Ein Sommerrätsel
Manuel Pestalozzi
30. Juli 2018
Swiss Architects liebt zwar Raster, der Fokus dieses Beitrags befindet sich aber auf der linken Seite. Bild: Beobachter 15/2018, S. 53
Der Blick von Kunstschaffenden auf die Stadt abstrahiert, bisweilen wird auch mit Verzerrungen gearbeitet. Dass diese Interpretationen auch in «Fakes» ausarten können, zeigt die aktuelle Ausgabe des «Beobachter».
Der «Beobachter» deckt bekanntlich seit bald 100 Jahren grosse und auch weniger grosse Missstände im gesellschaftlichen Gefüge der Schweiz auf. Der geschickte Mix von Information, Unterstützung von Benachteiligten und Unterhaltung umfasst auch die graphischen Künste. Der umstrittene Politveteran Christoph Blocher verheimlicht nicht, dass er das Werk des «Heimatmalers» Albert Anker als Jugendlicher durch die sogenannten Kunstblätter im «Beobachter» kennen und lieben lernte. Die Reproduktionen von Gemälden wurden lange als Titelumschlag der Publikation verwendet, die so ohne jegliche Schrift oder Bezug zum eigentlichen, oft brisanten Inhalt sehr diskret und gewissermassen im Tarnanzug daherkam.
Heute hat die Kunst ihren Platz nicht mehr auf der Titelseite, sondern in der Rätselecke des Magazins.
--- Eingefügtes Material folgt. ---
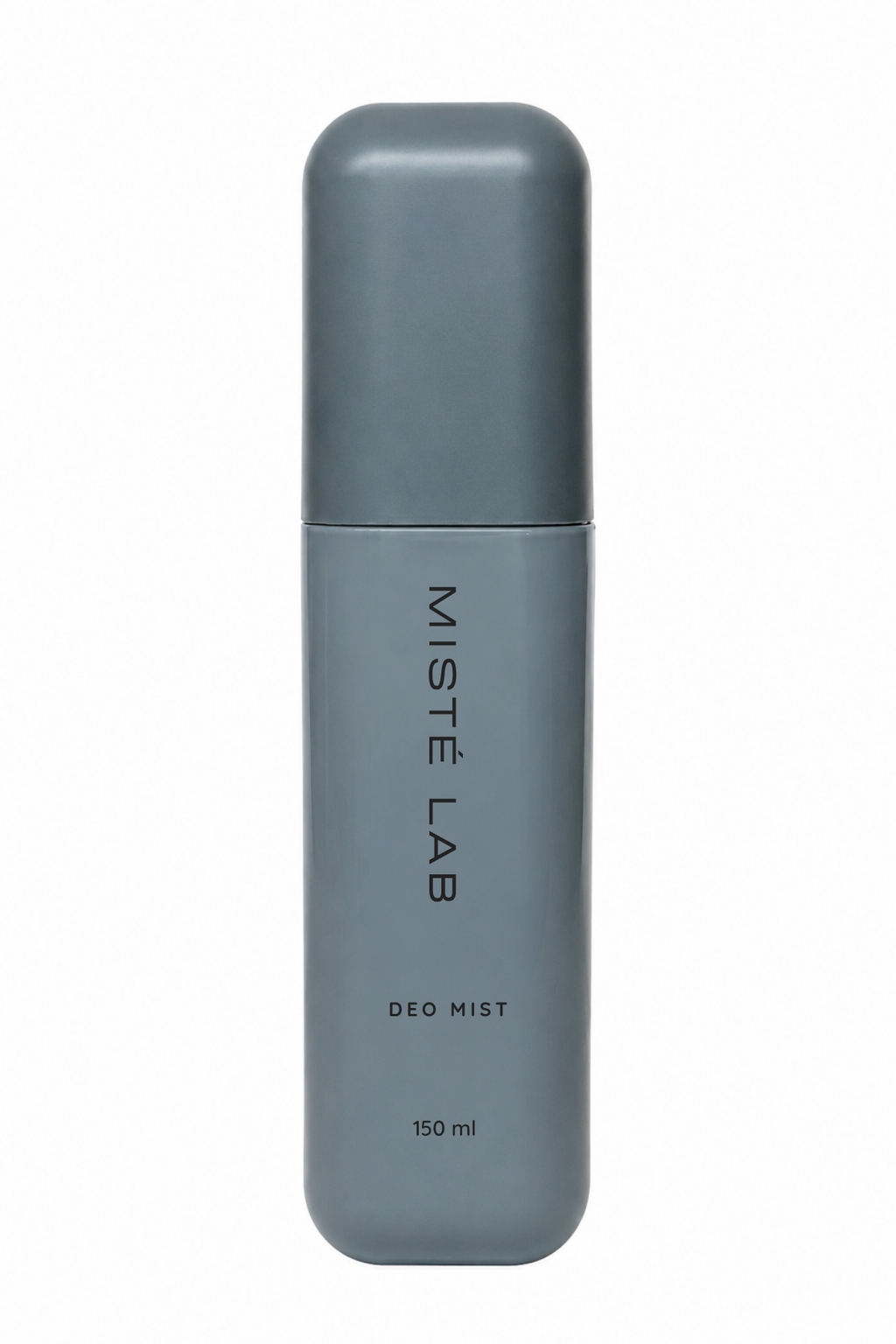 Deo Mist – Ter ve Koku Önleyici Deodorant Sprey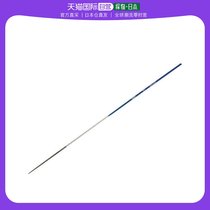 Japan Direct Mail Trusco General Electric Drill Accessories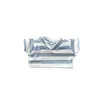 Boneca Fofa 10cm Boneca de Manga Curta Listrada Roupas para Boneca Vestir Boneca 17cm Roupas Pequenos Acessórios Gato Kt Atacado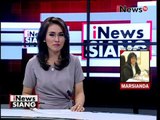 Live by phone : terkait tenggelamnya kapal yang ditumpangi warga Indonesia - iNews Siang 25/07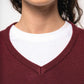 majcoteka:style:KA966:alt:ka966-7.jpg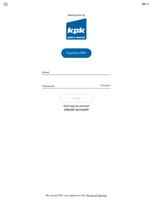 KPK Connect स्क्रीनशॉट 3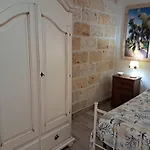 Anna's House Pensionat *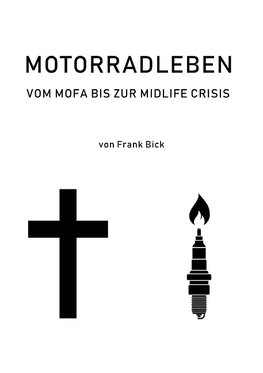 Motorradleben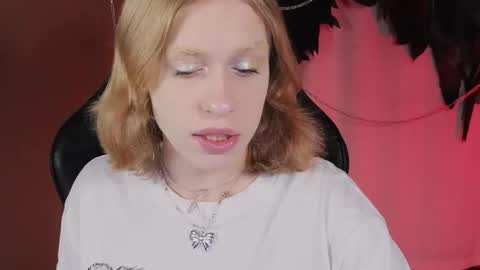 Barbie online show from 11.02.25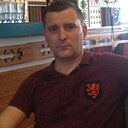 Знакомства: Andrei, 44 года, Апатиты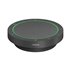 Speak2 55 altavoz Universal USB Tipo C Negro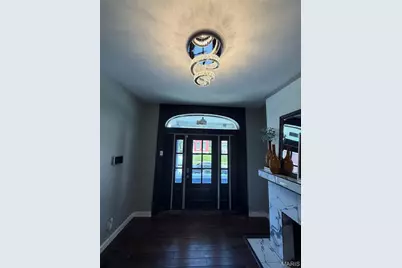 5172 Vernon Avenue, Saint Louis, MO 63113 - Photo 5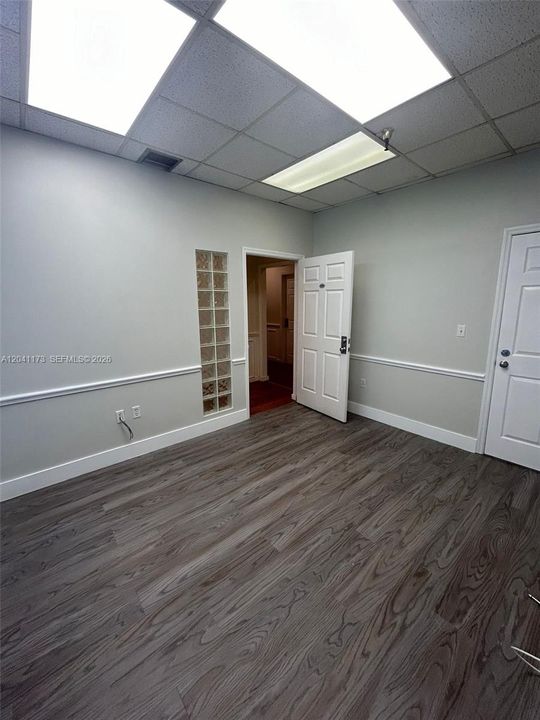 For Rent: $420 (0 beds, 0 baths, 0 Square Feet)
Mit verblüffender Frivolität wird das alte Spiel «Finden Sie die acht Unterschiede» mit bekannten Gemälden betrieben. Mitarbeitenden aus der Layoutabteilung machen sich offenbar einen Spass daraus, Werke mittels Photoshop minimal zu verzerren und zu entfremden – was angesichts der grassierenden Copyright-Hysterie wirklich recht kühn und allgemein auch etwas respektlos wirkt.
In der aktuellen Ausgabe (15/2018) ist Robert Delaunay an der Reihe, der als einer der bedeutendsten Wegbereiter in der Kunst des frühen 20. Jahrhunderts gilt. Sein Hauptsujet war die Stadt Paris. Das Rätselteam hat sich seine «Étude pour la ville» aus dem Jahr 1910 vorgenommen. Die Kunstbeflissenen unter den Konsumentinnen und Konsumenten dieser Meldungen sind eingeladen, sich Gedanken zu machen, welches nun das Original und welches das verfremdete Fake ist, bevor sie auf den obigen Link klicken. Wer die Studie und weitere Arbeiten Delaunays im Original sehen möchte, erhält demnächst im Kunsthaus Zürich Gelegenheit dazu: Vom 31. August bis am 18. November 2018 gastiert dort die Ausstellung «Robert Delaunay und Paris».